Tuesday, March 19, 2013

Phases of the Moon


Okay, so I finally bought myself a copy of Madness, Rack and Honey, the collected lectures of Mary Ruefle out from Wave Books. Full disclosure: I haven't finished it yet. I'm not adding my voice to the wide praise and acclaim it has received from all over, including the NYT Book Review, and the Kenyon Review. Ruefle is a gift. For now, I just want to talk about the second essay in the collection, a lecture she gave on poetry and the moon.

Let's start with my own story about poems and stones--- "The moon is a stone that floats," writes Mark Strand in a chapbook titled Chicken, shadow, moon & more. I want to say that I once stumbled upon the book, that it's readily available, but, in fact, it's a tough find. I requested it through interlibrary loan for my undergrad senior thesis. If you ever chance upon it, or have time to bug your favorite librarian, I strongly urge you to get it. (And gift it to me!) So this book, like a philosophical Dr. Seuss, says, "The moon is a stone that floats." 

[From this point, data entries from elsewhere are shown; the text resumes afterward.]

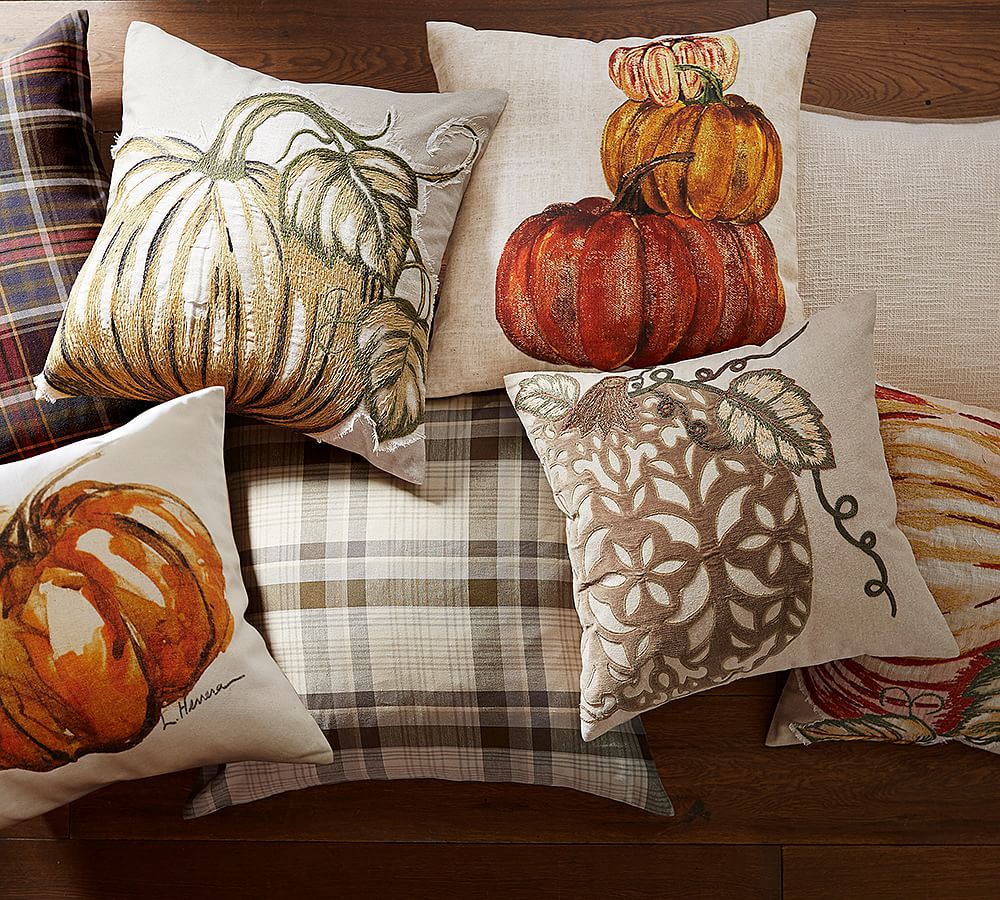 Pottery barn shop fall pillows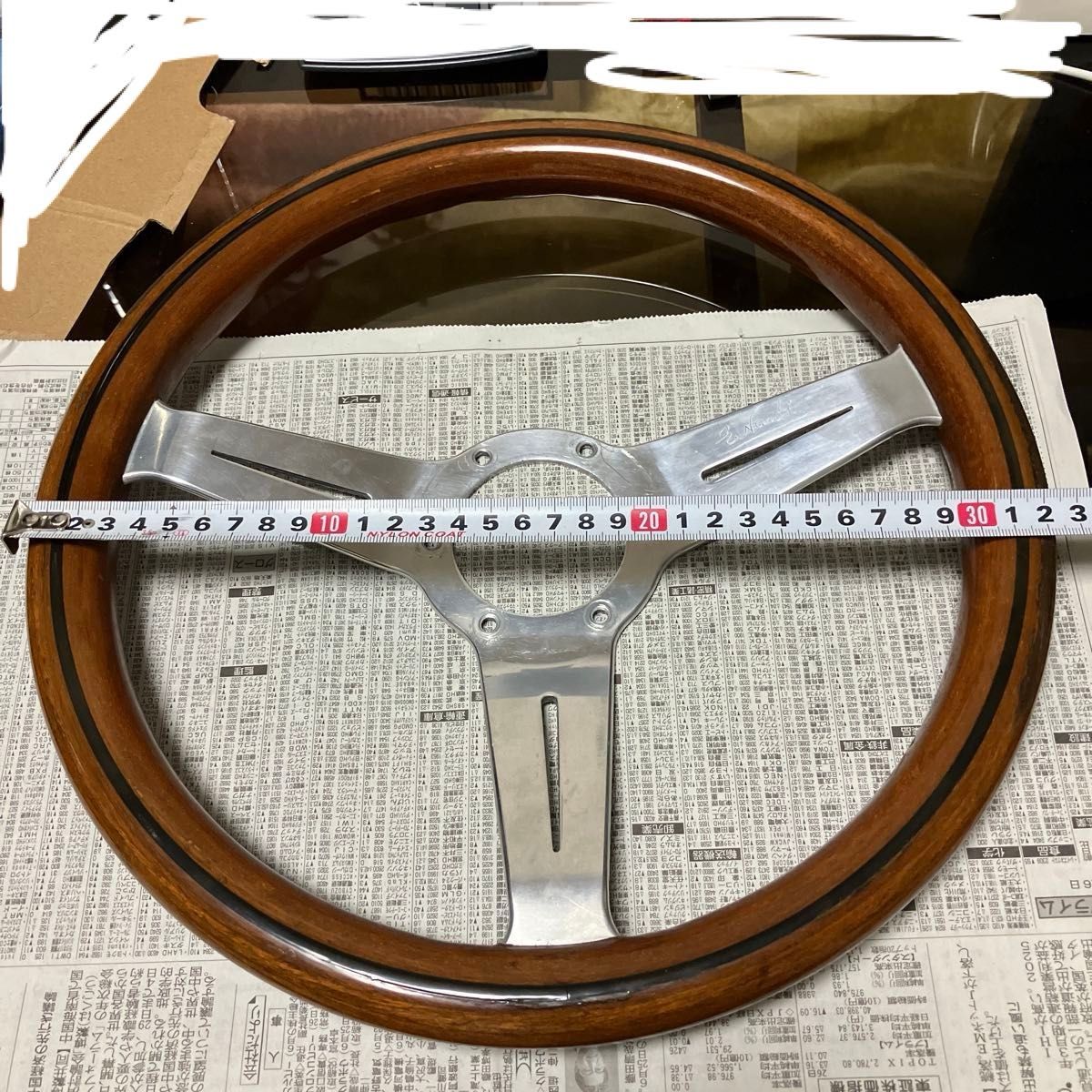 ナルディ ウッドステアリング 当時物 32パイ｜Yahoo!フリマ（旧PayPay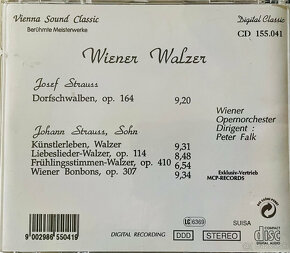 Hudobné CD - WIENER WALZER - 3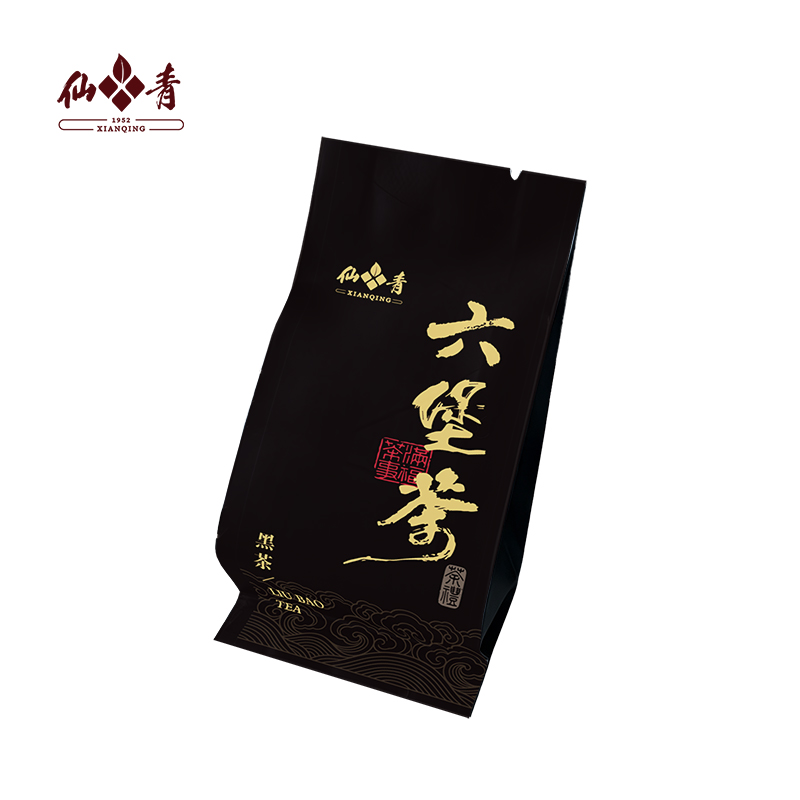 仙青六堡茶160g盒高清大图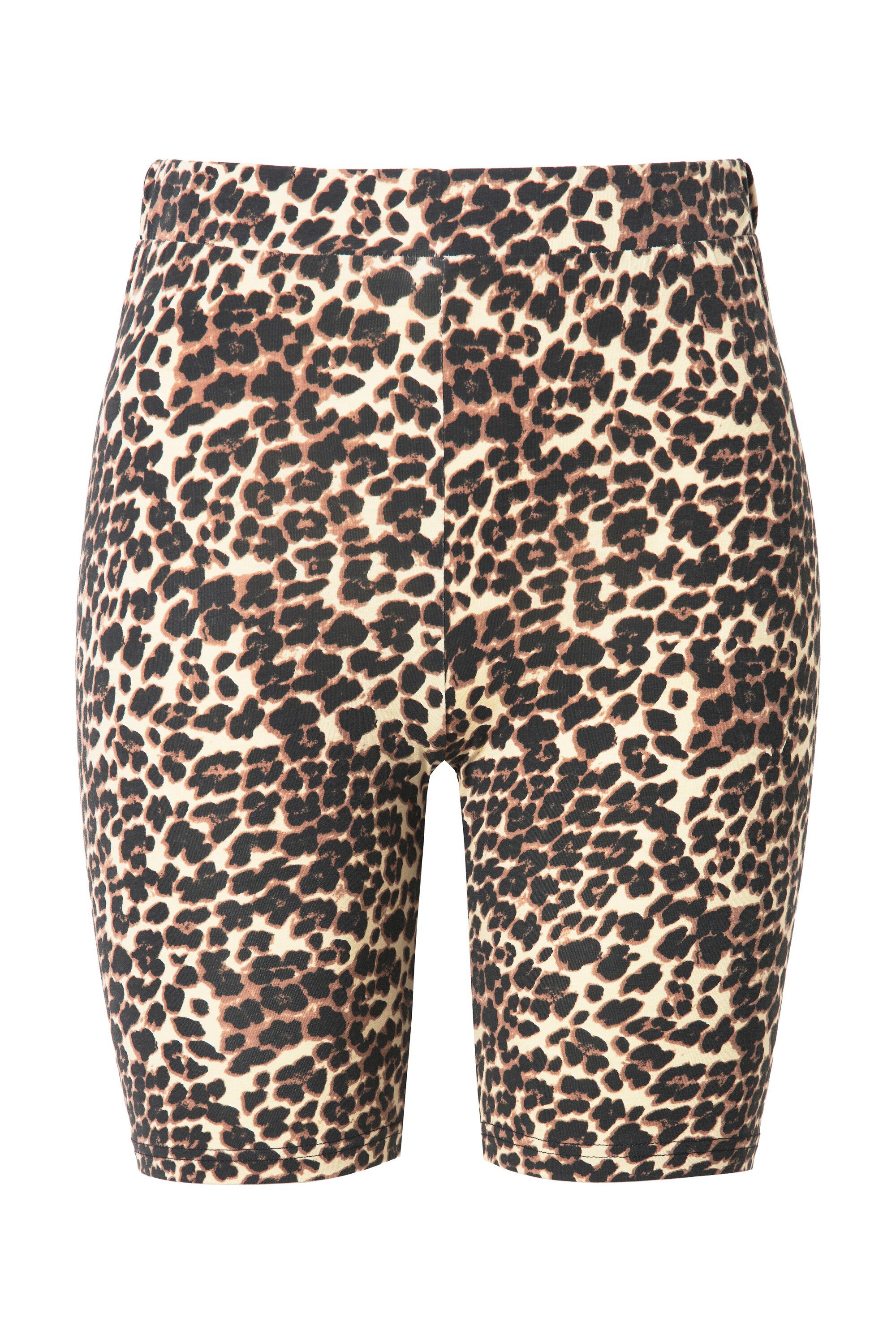 Studio Untold Leggings Radler Leoprint elastischer günstig online kaufen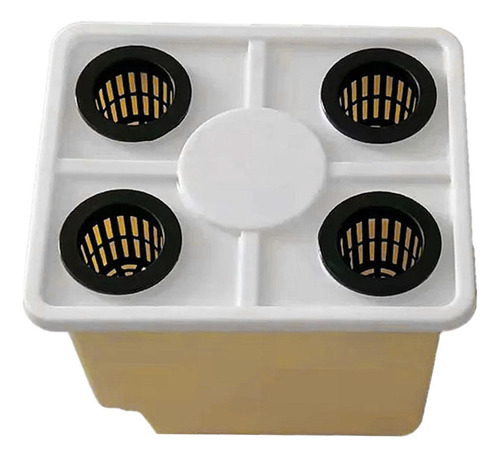 Kit Completo Compatible Con Cultivo Tapa De 4 Agujeros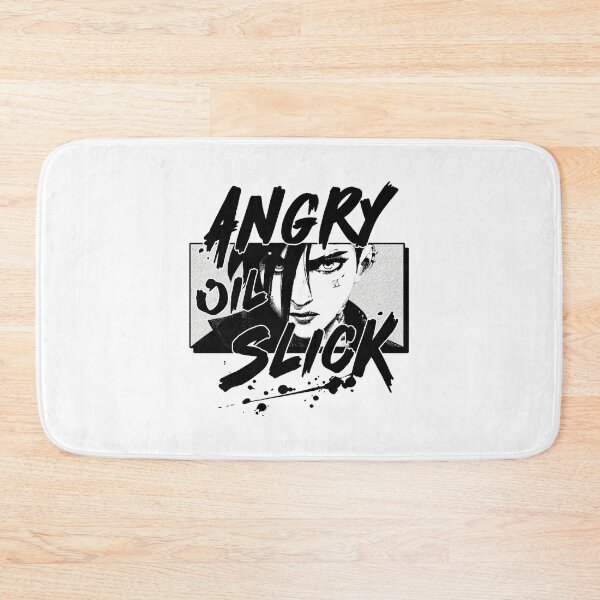 Item preview, Angry Oil Slick - League of Legends Game designed and sold by Tyraeadows.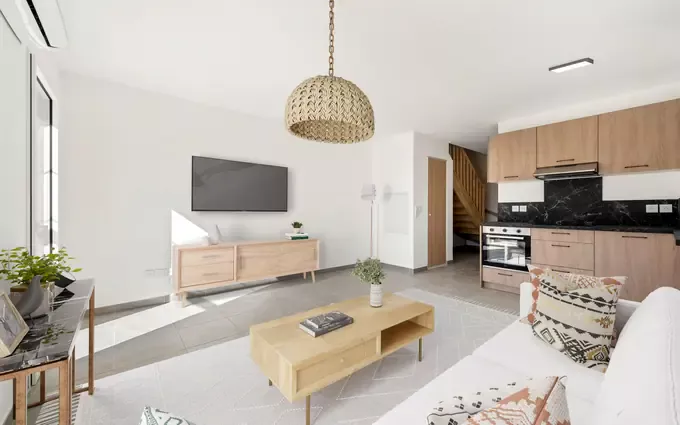 Programme immobilier neuf Le Vaccarèse - Logements livrés - Cuisine équipée à Sarrians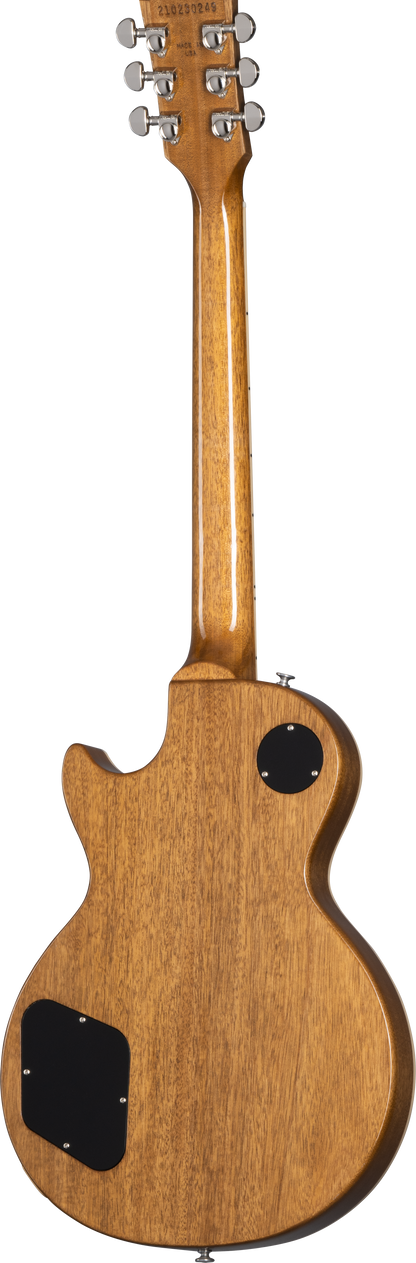 Back of Gibson Les Paul Standard 60s Figured Top Translucent Fuchsia.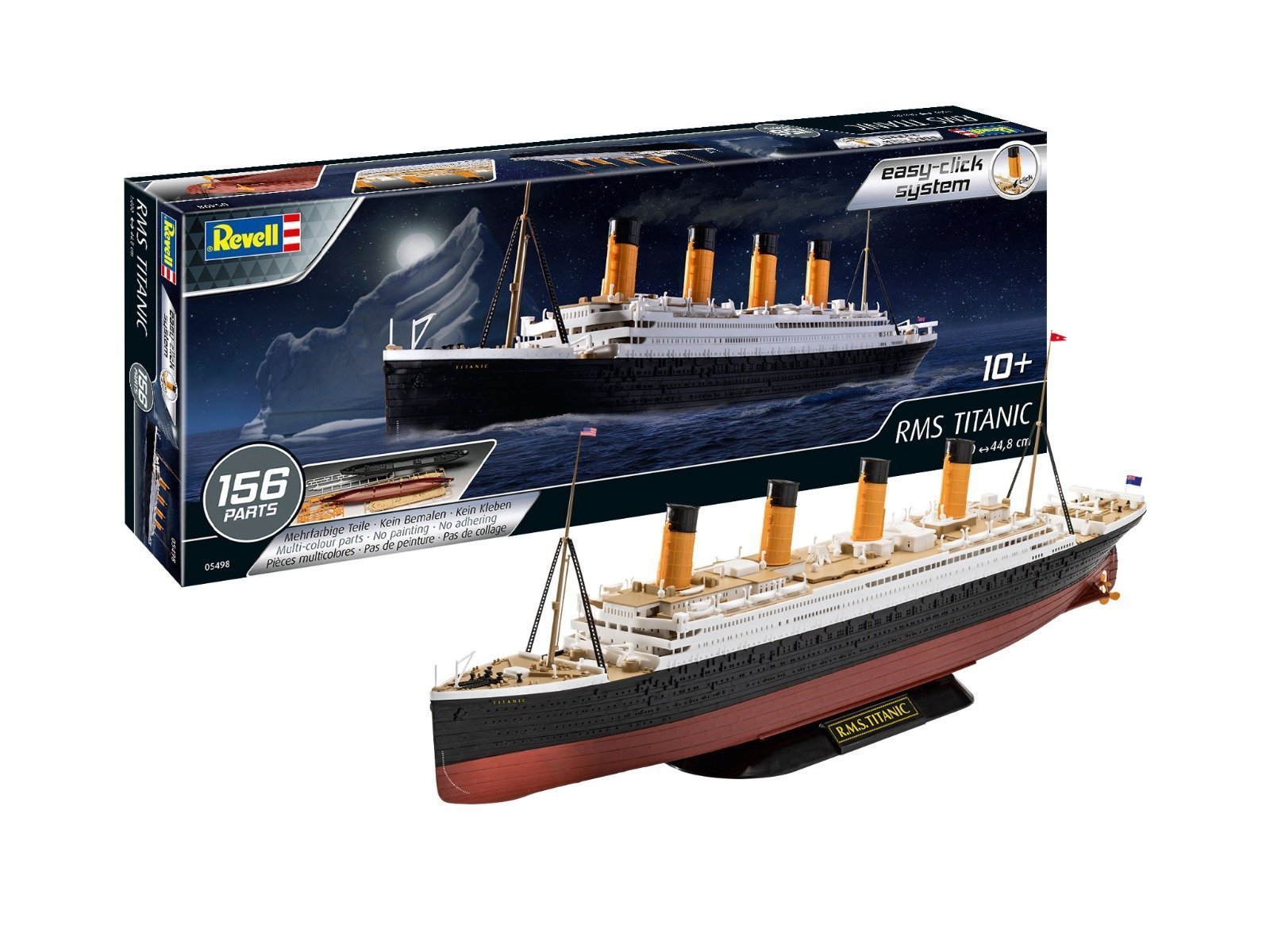 Revell RMS Titanic Easy-Click 1/600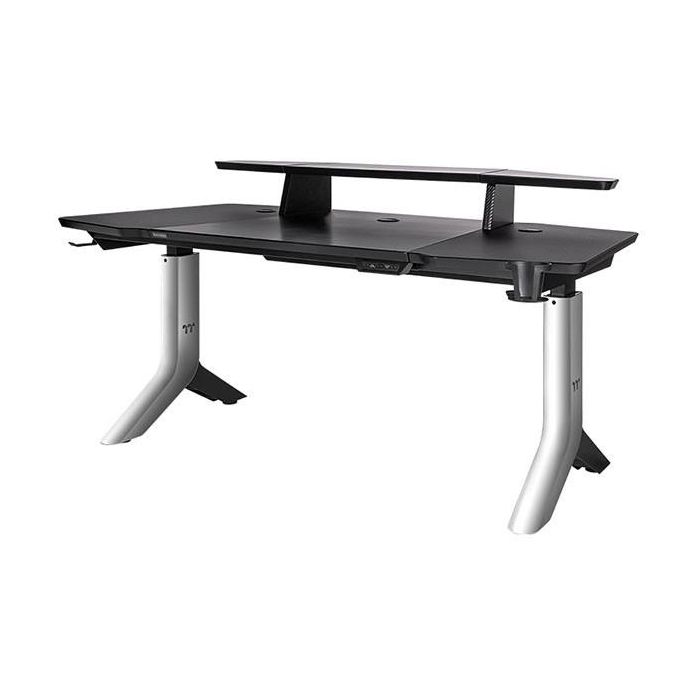 Thermaltake ARGENT P900 Smart Gaming Desk Eléctrico con Altura Ajustable, LED, Soporte Pantalla y Auriculares, Negro 3 Thermaltake ARGENT P900 Smart Gaming Desk Eléctrico con Altura Ajustable, LED, Soporte Pantalla y Auriculares, Negro 3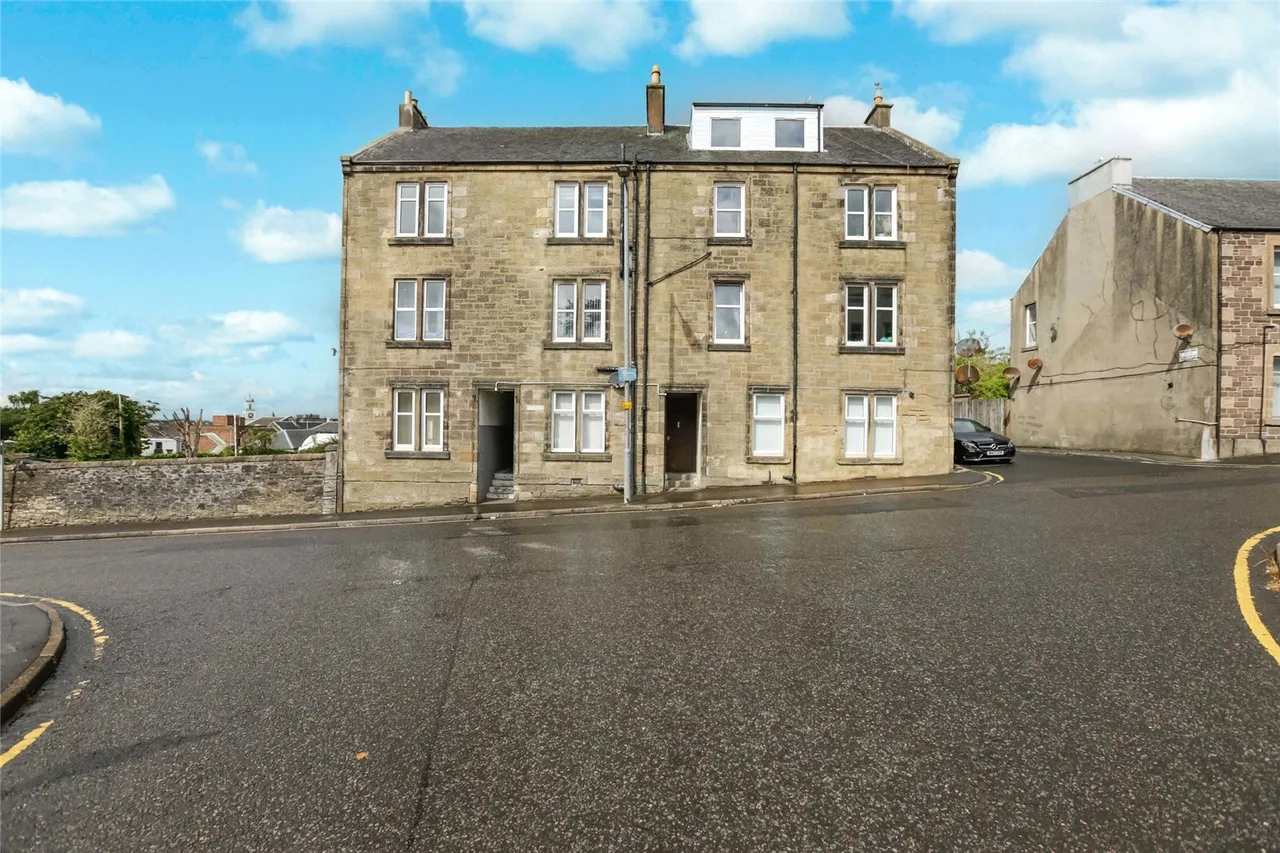 1 bed flat for sale — South Vennel, Lanark, South Lanarkshire, ML11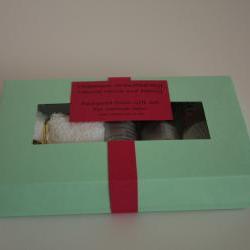 Pampered Skin, gift set for normal skin, Handmade by Olibanum Aromatherapy in the UK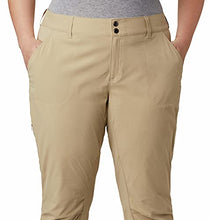 Load image into Gallery viewer, Columbia Women's Saturday Trail Stretch Pant, British Tan, 6 Short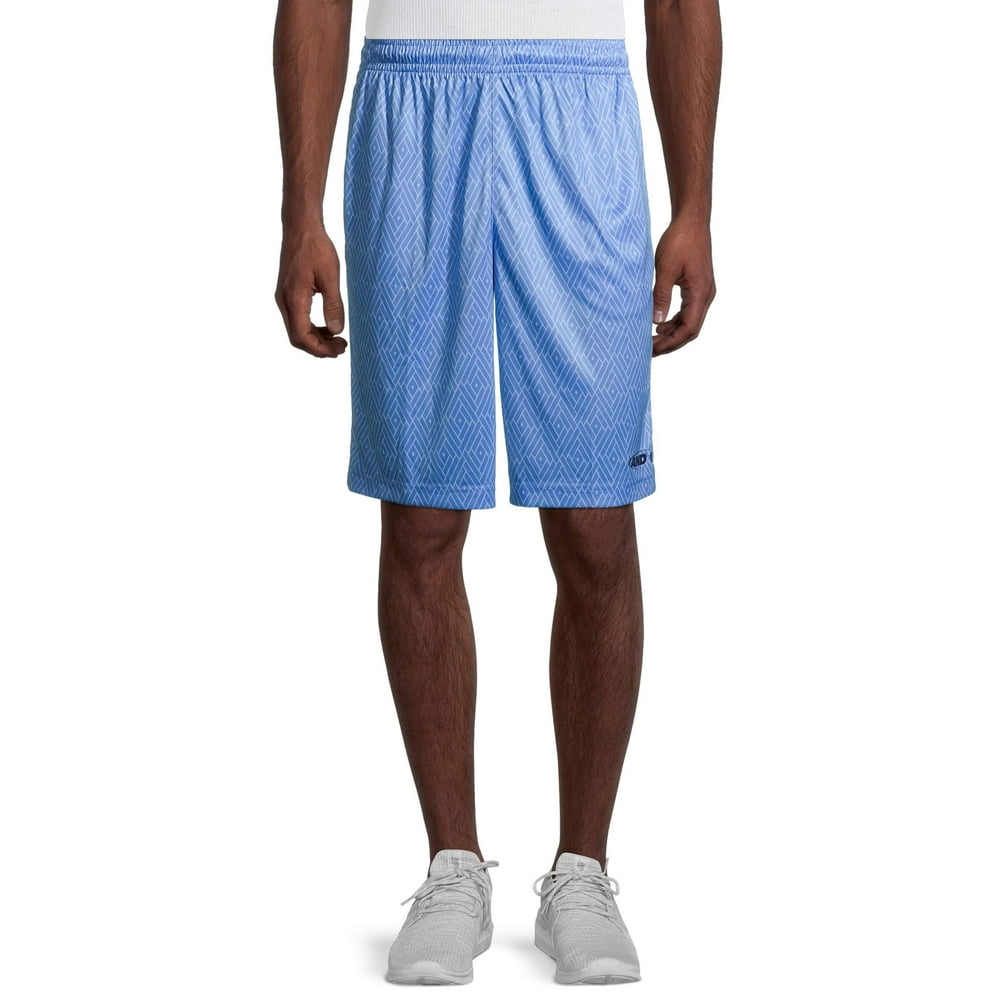 AND1 AND1 Men's Level Up Basketball Shorts, up to 2XL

I'm floored by this. In Charles Simic's notebooks---all the bizarre bits of childhood and dirty bits of politics that you'd imagine in the poet's head---he wrote nearly same thing, but he wrote, "The poem I want to write is impossible. A stone that floats." (Seriously, you should read his notebooks)(and his poems! this great collected works released this month!). It's not a secret that Simic and Strand are friends, and probably shared this image over a beer; or, the romantic in me hopes it was pen and ink letter, but I got hooked. I keep reading all these essays on poets and the moon and the surrealists and the moon, and Sappho and the moon and I'm just not satisfied. From Luna, lunatics: literally, touched by the moon. 


To circle back: Madness, Rack and Honey is a brilliant champion of the relevance, necessity and place of poetry. Ruefle's chapter on poets and the moon just smacks me over the head (in the best way) with fresh insights about modernity and poetry. After so many reductive critics, claiming that the moon is a simple archetype, a preloaded image, evocative of everything and nothing, Ruefle gives a gracious handling of the subject, ranging from personal anecdote (the foreign cab she was in when astronauts walked on the moon, the unintelligible reports on the radio) to the obvious and necessary research (the front page features after the Lunar Landing, astronaut testimonies).

And now maybe I can shut the book on poetics of the moon.